## THE PROBLEM:
Report the lines of the material that carry the string "Santa".

## PROVIDED DATA:
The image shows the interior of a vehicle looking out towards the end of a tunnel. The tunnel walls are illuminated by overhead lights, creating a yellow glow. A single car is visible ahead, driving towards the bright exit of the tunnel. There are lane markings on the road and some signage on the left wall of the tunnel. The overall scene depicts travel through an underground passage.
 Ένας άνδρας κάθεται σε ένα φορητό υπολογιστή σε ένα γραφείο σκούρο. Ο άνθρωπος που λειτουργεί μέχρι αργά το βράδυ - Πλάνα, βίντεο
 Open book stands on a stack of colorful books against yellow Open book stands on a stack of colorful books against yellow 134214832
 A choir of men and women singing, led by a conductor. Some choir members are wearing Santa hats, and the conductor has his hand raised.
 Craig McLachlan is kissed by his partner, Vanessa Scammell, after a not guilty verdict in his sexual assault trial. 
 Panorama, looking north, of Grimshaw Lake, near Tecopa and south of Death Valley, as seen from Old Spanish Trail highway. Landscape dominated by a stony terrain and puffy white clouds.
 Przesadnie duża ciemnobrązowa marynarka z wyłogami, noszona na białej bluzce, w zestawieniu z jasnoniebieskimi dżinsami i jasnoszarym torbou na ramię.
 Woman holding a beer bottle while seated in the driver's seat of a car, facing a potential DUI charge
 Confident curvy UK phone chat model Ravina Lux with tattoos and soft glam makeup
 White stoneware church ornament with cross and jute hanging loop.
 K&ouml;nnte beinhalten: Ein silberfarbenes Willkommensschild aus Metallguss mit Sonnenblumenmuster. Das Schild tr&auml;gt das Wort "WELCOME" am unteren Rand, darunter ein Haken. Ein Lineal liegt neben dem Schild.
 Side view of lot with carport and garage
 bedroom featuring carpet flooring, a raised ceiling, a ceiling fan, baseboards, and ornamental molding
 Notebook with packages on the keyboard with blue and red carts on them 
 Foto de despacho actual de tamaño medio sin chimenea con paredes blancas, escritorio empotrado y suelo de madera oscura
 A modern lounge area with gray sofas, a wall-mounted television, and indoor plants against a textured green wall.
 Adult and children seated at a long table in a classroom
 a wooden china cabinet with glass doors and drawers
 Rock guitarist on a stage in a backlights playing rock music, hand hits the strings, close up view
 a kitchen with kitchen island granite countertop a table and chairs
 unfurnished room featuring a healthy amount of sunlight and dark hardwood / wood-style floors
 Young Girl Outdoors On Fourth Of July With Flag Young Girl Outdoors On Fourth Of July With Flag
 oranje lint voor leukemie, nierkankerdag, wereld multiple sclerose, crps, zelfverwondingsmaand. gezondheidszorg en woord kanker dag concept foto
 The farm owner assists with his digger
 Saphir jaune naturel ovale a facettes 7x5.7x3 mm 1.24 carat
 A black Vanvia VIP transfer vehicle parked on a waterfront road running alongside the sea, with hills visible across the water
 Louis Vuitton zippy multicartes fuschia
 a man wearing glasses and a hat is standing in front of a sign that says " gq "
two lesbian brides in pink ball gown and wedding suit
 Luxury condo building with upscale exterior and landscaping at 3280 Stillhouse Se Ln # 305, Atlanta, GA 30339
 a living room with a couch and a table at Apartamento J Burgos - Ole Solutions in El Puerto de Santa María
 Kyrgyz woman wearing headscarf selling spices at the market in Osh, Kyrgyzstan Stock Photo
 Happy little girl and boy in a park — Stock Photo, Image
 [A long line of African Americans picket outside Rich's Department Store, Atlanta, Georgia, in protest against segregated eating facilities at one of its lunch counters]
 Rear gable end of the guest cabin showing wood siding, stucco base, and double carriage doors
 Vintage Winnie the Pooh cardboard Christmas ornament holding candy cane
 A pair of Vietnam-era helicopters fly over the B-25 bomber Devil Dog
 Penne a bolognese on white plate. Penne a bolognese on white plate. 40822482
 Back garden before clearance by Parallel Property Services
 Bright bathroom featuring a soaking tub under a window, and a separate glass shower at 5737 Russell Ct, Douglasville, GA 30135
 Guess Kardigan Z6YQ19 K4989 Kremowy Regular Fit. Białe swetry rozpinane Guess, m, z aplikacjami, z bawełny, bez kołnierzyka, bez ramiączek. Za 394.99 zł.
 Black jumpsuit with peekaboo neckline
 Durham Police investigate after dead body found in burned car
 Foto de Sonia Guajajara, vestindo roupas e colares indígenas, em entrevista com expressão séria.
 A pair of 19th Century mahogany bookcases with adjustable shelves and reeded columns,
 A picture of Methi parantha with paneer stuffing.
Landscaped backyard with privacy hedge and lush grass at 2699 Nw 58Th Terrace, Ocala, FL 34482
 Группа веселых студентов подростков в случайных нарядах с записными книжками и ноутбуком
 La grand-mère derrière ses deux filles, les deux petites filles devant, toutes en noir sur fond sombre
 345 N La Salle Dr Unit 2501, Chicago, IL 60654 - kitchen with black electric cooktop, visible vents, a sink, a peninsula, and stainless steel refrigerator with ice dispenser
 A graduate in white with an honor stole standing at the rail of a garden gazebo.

## RESULT OF THIS TASK:
 A choir of men and women singing, led by a conductor. Some choir members are wearing Santa hats, and the conductor has his hand raised.
 a living room with a couch and a table at Apartamento J Burgos - Ole Solutions in El Puerto de Santa María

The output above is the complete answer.